In an advisory issued on Wednesday, CISA (Cybersecurity and Infrastructure Security Agency) revealed that hackers have been employing successful phishing campaigns, brute force login attempts, and potentially pass-the-cookie attacks to exploit weaknesses in cloud security practices. In a pass-the-cookie attack, hackers steal cookies from a user’s browsing session so they can then access a certain site as the victim.
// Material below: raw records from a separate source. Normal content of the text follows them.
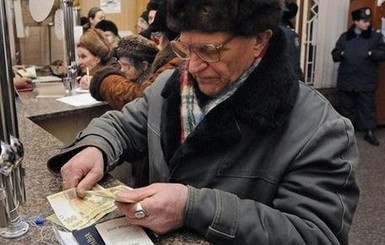 Суд признал недействительным решение Кабмина о соцвыплатах на ряде территорий Донбасса 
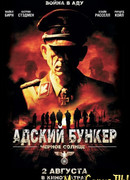 Адский бункер: Черное Солнце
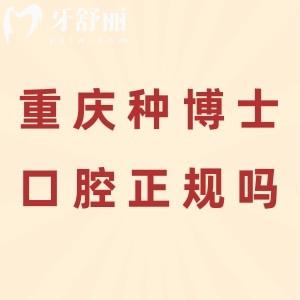 重庆种博士口腔挺正规的，4500超大面积做种植牙靠谱价格实惠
Based on CISA’s analysis, these kinds of attacks often occur when an organization’s employees work remotely and use a combination of corporate machines and personal devices to sign into different cloud services. Though the organizations and users may be protected by proper security, otherwise weak cyber hygiene habits pave the way for hackers to pull off successful cyberattacks.  In the observed phishing campaigns, attackers deployed emails with malicious links to try to capture login credentials for cloud service accounts. The emails appeared to be from a legitimate file hosting service, while the links seemed to point to secure messages, all in an attempt to trick the user. The attackers were then able to use the compromised accounts to send phishing emails to other employees within the targeted organization

Weak cyber hygiene habits leave organizations more vulnerable to attack. In one instance, an organization failed to require a VPN to access its network. Though the terminal server was located inside the firewall, it was configured with port 80 open to allow for remote connections from employees. As a result, the hacker was able to exploit this flaw by launching brute force attacks.  In several other cases, remote workers set up email forwarding rules to automatically forward work emails to their personal accounts. By exploiting these rules, attackers were able to steal sensitive information. In one specific instance, the attackers found an existing rule that forwarded work emails to the receiver’s personal account and modified it to redirect the emails to their own account.

What to do?

  • Implement conditional access (CA) policies based on your organization’s needs.
  • Establish a baseline for normal network activity within your environment.
  • Routinely review both Active Directory sign-in logs and unified audit logs for anomalous activity.
  • Enforce multi-factor authentication.
  • Routinely review user-created email forwarding rules and alerts or restrict forwarding. Consider restricting users from forwarding emails to accounts outside of your domain.
  • Focus on awareness and training. Make employees aware of the threats, such as phishing scams, and how they are delivered.
  • Establish blame-free employee reporting and ensure that employees know who to contact when they see suspicious activity or when they believe they have been a victim of a cyberattack.
  • Consider a policy that does not allow employees to use personal devices for work. At a minimum, use a trusted mobile device management solution.
  • Have a mitigation plan or procedures in place. Understand when, how, and why to reset passwords and to revoke session tokens.
  • Verify that all cloud-based virtual machine instances with a public IP do not have open Remote Desktop Protocol (RDP) ports. Place any system with an open RDP port behind a firewall and require users to use a VPN to access it through the firewall.

Further, organizations that use Microsoft 365 should consider the following steps:

  • Assign a few trusted users as electronic discovery (or eDiscovery) managers to conduct forensic content searches across the entire Microsoft 365 environment for evidence of malicious activity.
  • Disable PowerShell remoting to Exchange Online for regular Microsoft 365 users to lower the risk of a compromised account being used to access tenant configurations for reconnaissance.
  • Do not allow an unlimited amount of unsuccessful login attempts. Look into password smart lockout configuration and sign-in activity reports.
  • To investigate and audit intrusions and potential breaches, consider tools such as Sparrow or Hawk, which are open-source PowerShell-based tools used to gather information related to Microsoft 365.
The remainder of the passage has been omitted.